= Steven M. Cron =

Steven M. Cron is a retired Michelin product research engineer and co-inventor of the Tweel.

Cron began his engineering education with a BS Mechanical Engineering degree from the University of Missouri-Columbia in 1984. In 1985, he completed an MS degree in aeronautical engineering from the U. S. Air Force Institute of Technology at Wright-Patterson Air Force Base. He then continued with the Air Force for 6 years as a project engineer working on ICBMs and as an instructor of Engineering Mechanics at the US Air Force Academy. He began his career at Michelin in 1991 as a research engineer. He had initial assignments in the area of tire vibrations, specifically damped modal analysis of pneumatic tires via the finite element method.

He began work on airless tire technology as early as 1997, with work on the Tweel occurring over the period 2000-2009. Although other airless tire concepts have been studied or attempted in the past, none has achieved the commercial success of the Tweel, which is based on the framework and approach pioneered by Cron and co-inventor Timothy B. Rhyne.

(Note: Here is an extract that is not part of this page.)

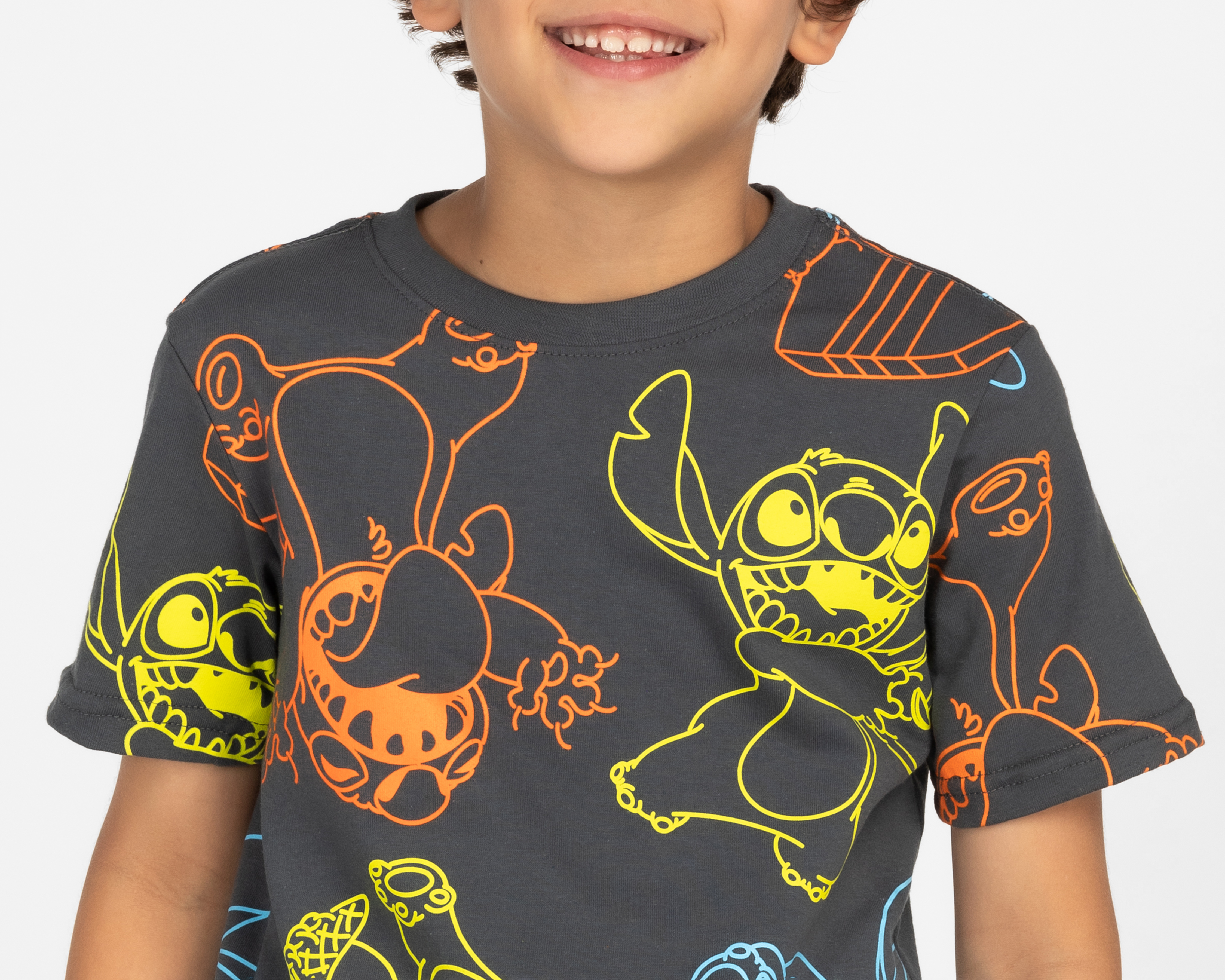 Foto 4 pulgar | Foto 3 | Playera Disney Stitch Manga Corta Full Print para Niño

In 2018, Cron received the Harold Herzlich Distinguished Technology award. At the time, Cron said that work on the Tweel began informally, starting with the idea that the load of the vehicle should be carried in the tire structure by means of tension, as happens in a traditional pneumatic tire. After realizing that cord tension carried via the sidewall would not work with zero inflation pressure, a successful experiment with polyurethane spokes lead to the basic Tweel design.

In 2021, Cron and co-inventor Timothy B. Rhyne were jointly awarded the Charles Goodyear Medal, the highest honor conferred by the American Chemical Society, Rubber Division. It was the first time that the award was given jointly.